Lembram do Grito do Ipiranga? Dom Pedro I e sua comitiva, com roupas de gala, voltando de São Paulo para o Rio, nas margens de um riacho. Pura imaginação. Dom Pedro estava atacado com diarreia, vestia roupas simples, de montaria. Mas, a tela mostra o grupo com roupas finas, de gala. E, querem mais ? Vejam a imagem do Tiradentes: cabeludo, barbudo, com uma túnica branca... Notem a semelhança com a
imagem de Cristo, a que estamos acostumados a ver. Pura invenção.
Assim, a história vai se adaptando aos tempos. Às vezes, para variar omitimos detalhes. Por outro lado, enaltecemos e inventamos o que fica mais bonitinho.

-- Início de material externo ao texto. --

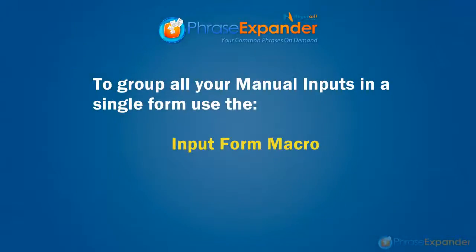If we want to enter all the missing information in a single form, we can do that using the input form macro, as shown in the input form tutorial.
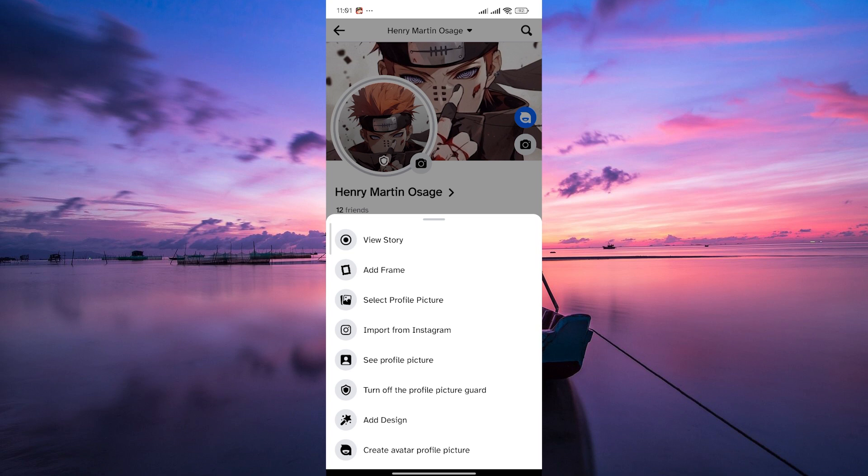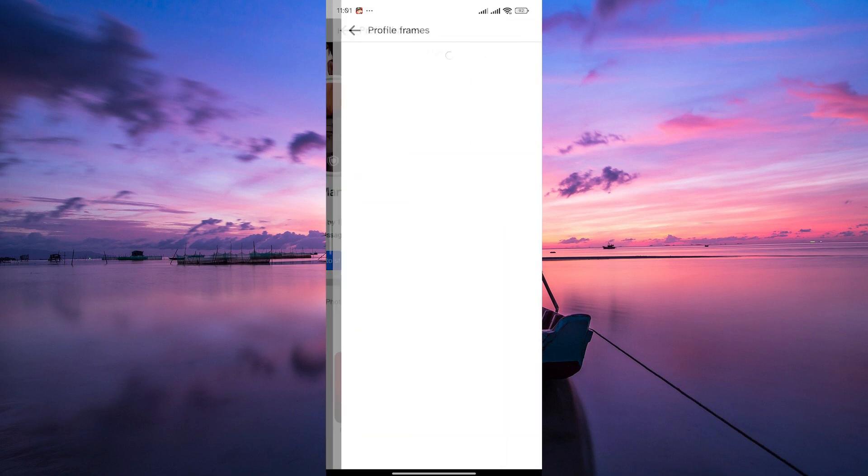In the pop-up window, you'll see various options. Look for add frame. Tap on it to access the frame library.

O "sem problemas" já estava mais relaxado e começou a atacar os biscoitos enquanto escutava os detalhes do outro lado da história. Para não ficar bancando o ignorante nos assuntos, voltou a falar sobre "as monções". "O mundo tá mesmo de cabeça para baixo, as monções saíram da Ásia e vieram para o Rio", disse esperando ser ouvido. Mas o Fred acabou com a alegria: "Isso é problema do La Ninã, não tem
nada a ver com o clima da Ásia". E finalizou: "Vê aí, no google!"
Já ouviu falar em bondes ? E no Getúlio Vargas ? Tancredo Neves...Fica triste não. Tem até jornalistas que também não sabem.